Notice that all of this sounds both generic and really dumb. I haven’t bothered trying to explain the plot, and there’s a simple reason for that; it’s not that there is no plot, or even that it’s particularly bad. The story, such as it is, just has so little relevance to your actual experience most of the time that you’ll only care about advancing the plot because it unlocks new and increasingly ridiculous missions, culminating in a fight with the president of the game’s island setting which takes place on a flying nuke. It’s stupid and insane and I love it.

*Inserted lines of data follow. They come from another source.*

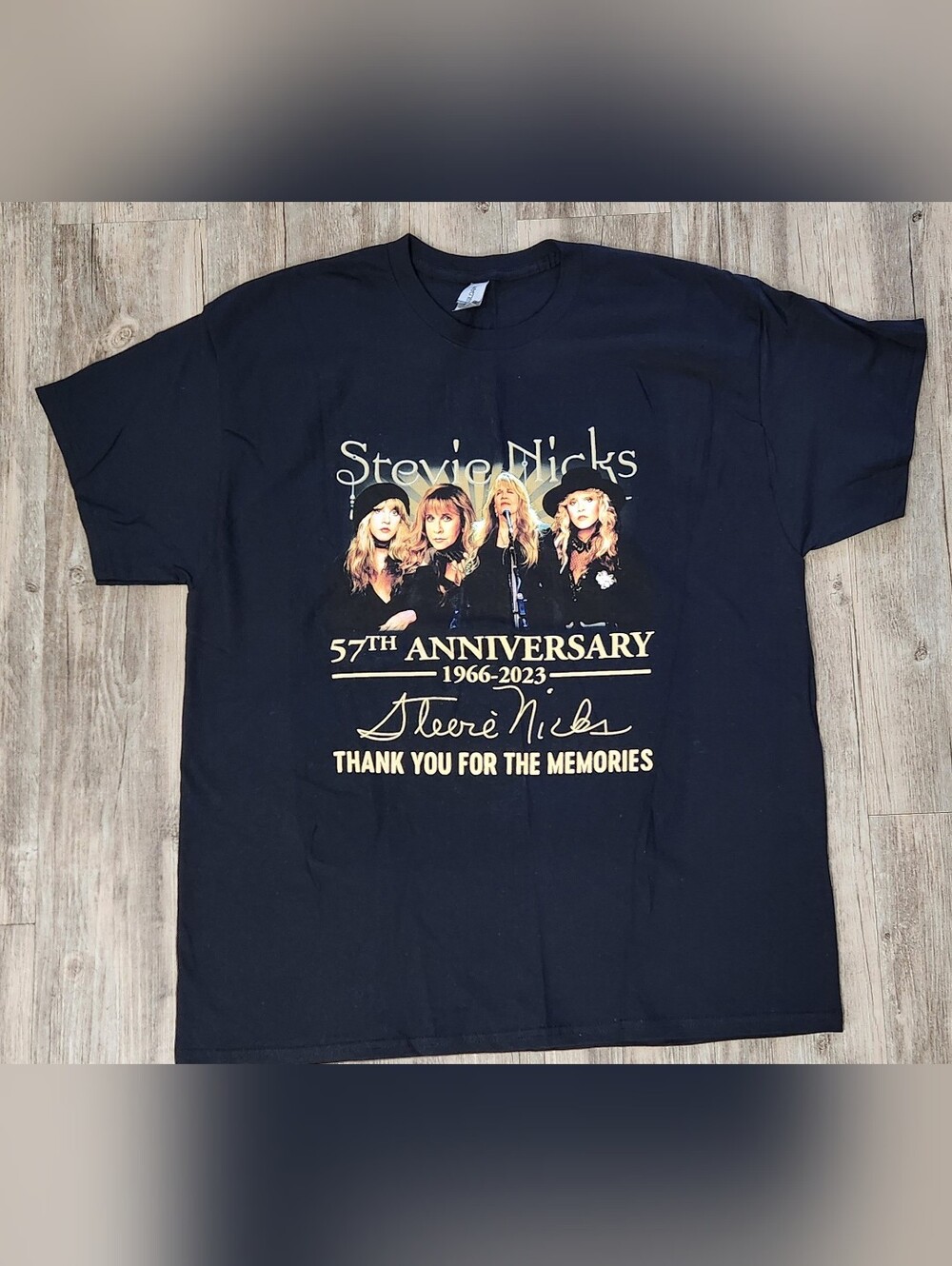 Stevie Nicks 57th Anniversary Signature T-Shirt music band Witchy size XL.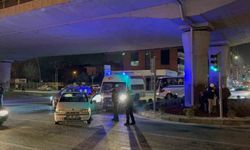 Otomobille hafif ticari araç çarpıştı: 1 yaralı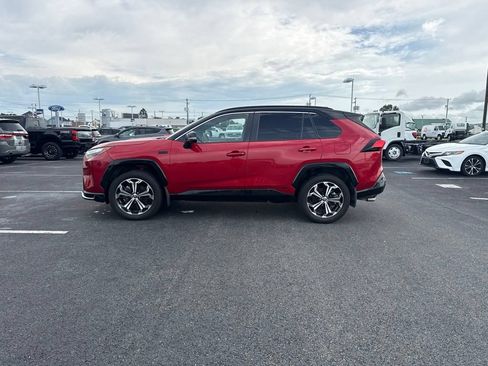 Used 2023 Toyota RAV4 XSE AWD/4WD image 2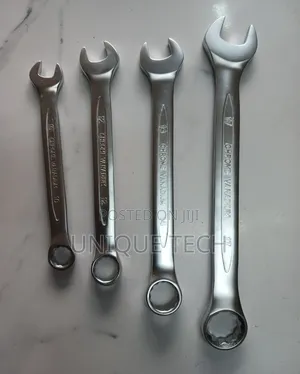 Universal Combination Spanner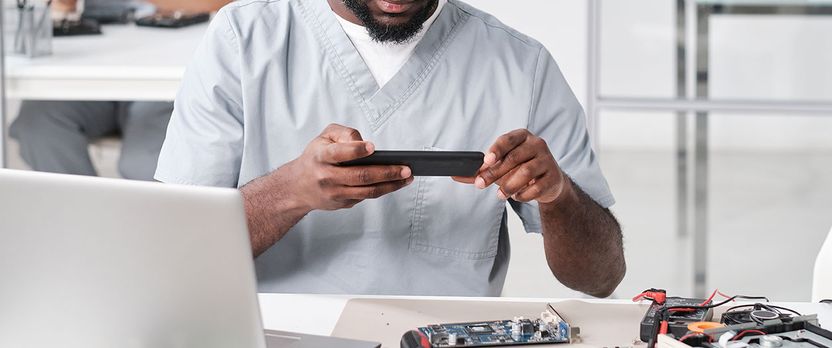 Curso Universitario de Especialización en Mantenimiento y Diagnóstico de Circuitos Electrónicos Digitales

The reason I’m taking this dive into the past, much as Rico takes astonishingly frequent dives from rooftops, planes, helicopters, Jeeps attached to planes via grappling hook – the picture, I think, becomes clear – is because Just Cause 3 is rapidly approaching. Whilst I won’t be able to play it for a bit because I’m still about 20 years behind everyone else hardware wise, I’ll probably be spending a fair bit of time around its release date wistfully blasting around Panau and wishing I was in whatever Just Cause 3’s open world is called. So I’m looking forward to the next generation of Rico, and looking back at the last. I’m nostalgic like that. It’s times like this that I like to think about what needs to stay, and what doesn’t, so let’s run it down.
Keep
Vehicles
Just Cause 2 has my favourite selection of vehicles in any game. It’s one of the reasons I keep going back to it: there’s just no other game I’ve found that has such satisfying simulated aircraft in particular, at least that isn’t purely a flight simulator. And who wants to play a flight simulator when you’ve got Just Cause 2? Do you know any flight simulators that let you link up a boat to your plane via cable, take off, jump on the roof of your accelerating jet, leap from there to the boat, shoot a few bitches from atop your boat, get in the boat and finally release the cable so you soar gracefully down, triggering a remote explosive so your plane explodes in an epic cloud of gloriousness as you fall to earth in your boat?
I didn’t think so.
Missions
There are a lot of missions in Just Cause 2. A lot. They might not be particularly varied, but there’s at least a wide enough selection of objectives in a large enough map that you can pretty much just stick a race or a base takeover in a slightly different location and it’ll feel fresh as a daisy. A daisy that you can blow up, for points.
Bolo Santosi’s accent
Nuff said.
Not keep
There’s actually very little I would scrap entirely from Just Cause 2. There are improvements to be made, for sure; the gunplay is sloppy, the map is confirmed to be far bigger than JC2’s already enormous world, and more grappling hook connection options can be nothing but a good thing.
At the end of the day, I just don’t want it to get rid of the fun. Just Cause was never really about anything other than over-the-top, stupid, cheesy fun. So really, scrap the lists. As long as I can still feel like the most ridiculous human in the entire universe, I’ll be happy.